I.    Brexucabtagene autoleucel (Tecartus™) may be considered MEDICALLY NECESSARY AND APPROPRIATE when ALL of the following criteria are met:

• Age 18 years or older; AND
• Diagnosis of relapsed or refractory mantle cell lymphoma (MCL); AND
• Relapsed or refractory disease defined by the following:
  • Disease progression after last regimen; OR
  • Refractory disease defined as failure to achieve a partial response or complete response to the last chemotherapy regimen;
• AND
• Received adequate prior therapy, including ALL of the following:
  • An anthracycline- or bendamustine-containing chemotherapy regimen; AND
  • Anti-CD20 monoclonal antibody (e.g., rituximab) unless tumor is CD20-negative; AND
  • Bruton tyrosine kinase (BTK) inhibitor therapy indicated for mantle cell lymphoma (e.g., acalabrutinib, ibrutinib, zanubrutinib);
• AND
• Not previously treated with chimeric antigen receptor (CAR) T-cell therapy; AND
• No FDA labeled contraindications to brexucabtagene autoleucel (see table below); AND
• Screened for hepatitis B virus (HBV), hepatitis C virus (HCV), and human immunodeficiency virus (HIV) infection; AND
• None of the following:
  • Active infection;
  • Prior allogeneic hematopoietic stem cell transplant (HSCT);
  • Detectable cerebrospinal fluid malignant cells or brain metastases;
  • History of central nervous system (CNS) lymphoma;
  • History of CNS disorders;
• AND
• For commercial health plan members only, step therapy supplement criteria may apply for select conditions (see policy II-242: Step Therapy Supplement).

II.   All other uses of brexucabtagene autoleucel are considered EXPERIMENTAL/INVESTIGATIVE due to the lack of clinical evidence demonstrating an impact on improved health outcomes.

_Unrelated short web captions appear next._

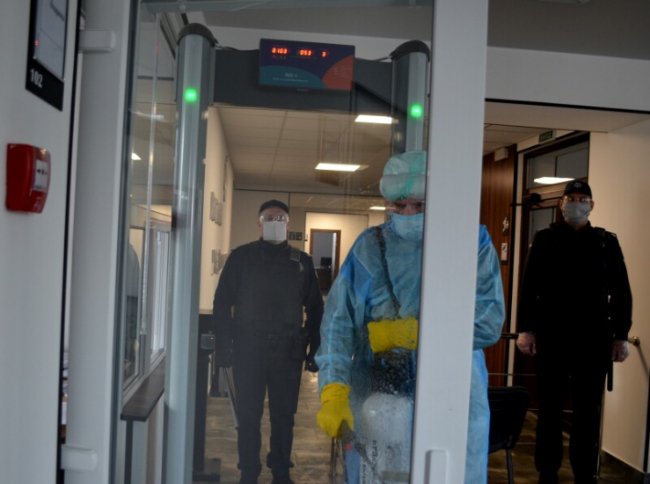 Робота в умовах карантину: у Луцьку дезінфікують судові установи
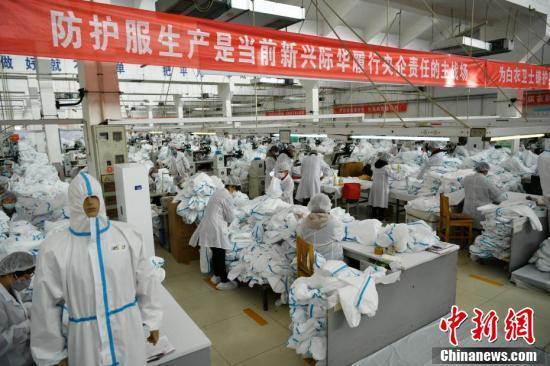 “超级工厂”日产防护服2.6万套 出厂24小时送达武汉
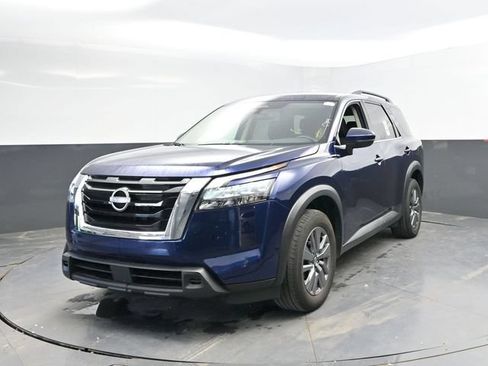 Used 2025 Nissan Pathfinder SV FWD image 6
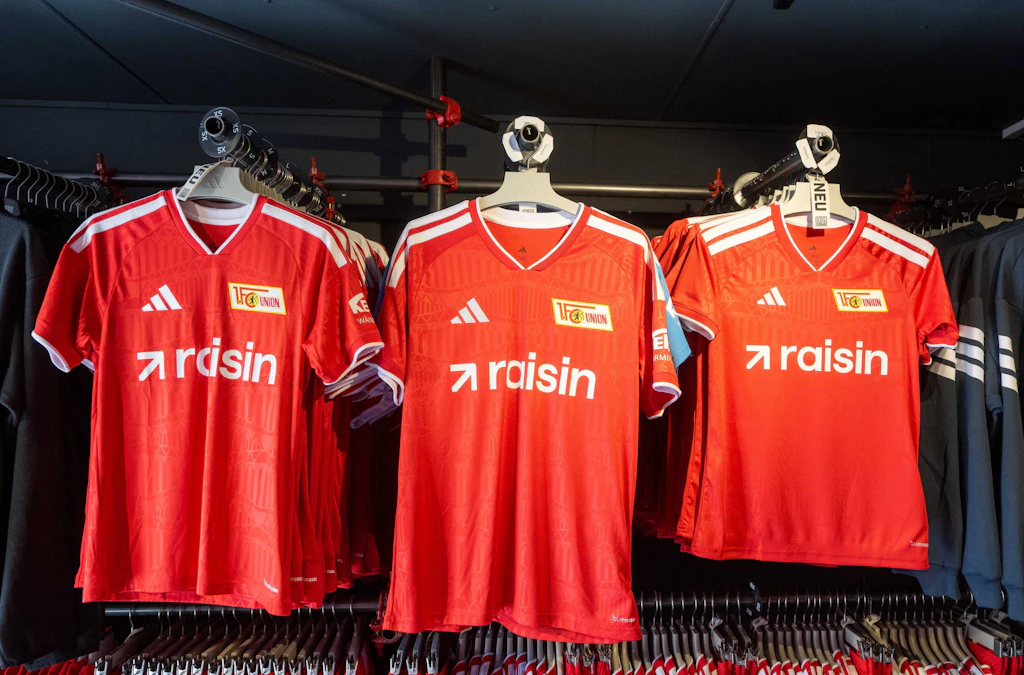 „Absolutes No-Go“: Neue Trikotwerbung spaltet die Fans des 1. FC Union Berlin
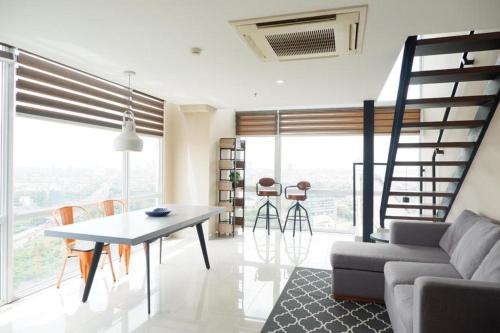 Χώρος καθιστικού στο Time suite- Bizloft 1 Karawaci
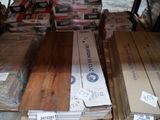 de nombreuses caisses en bois à l'arrière d'un camion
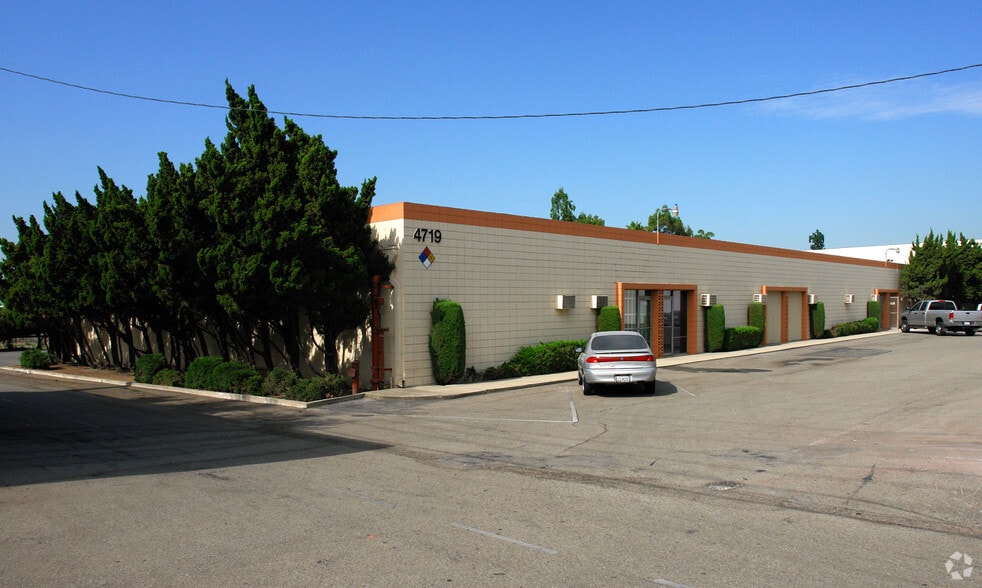 4719 Brooks St, Montclair, CA for lease - Primary Photo - Image 1 of 2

Table. FDA-Labeled Contraindications

Documentation Submission:

Documentation supporting the medical necessity criteria described in the policy must be included in the prior authorization, when prior authorization is required. In addition, the following documentation must also be submitted:

1. Clinical notes describing the diagnosis and clinical features of the diagnosis.
2. Laboratory results for HBV, HCV, and HIV screening.
3. Clinical notes describing current and past treatments for the diagnosis, including response to the treatments.
4. For commercial health plan members only, when step therapy requirements apply for the requested indication, documentation for one or more of the step therapy supplement criteria MUST be provided (see policy II-242).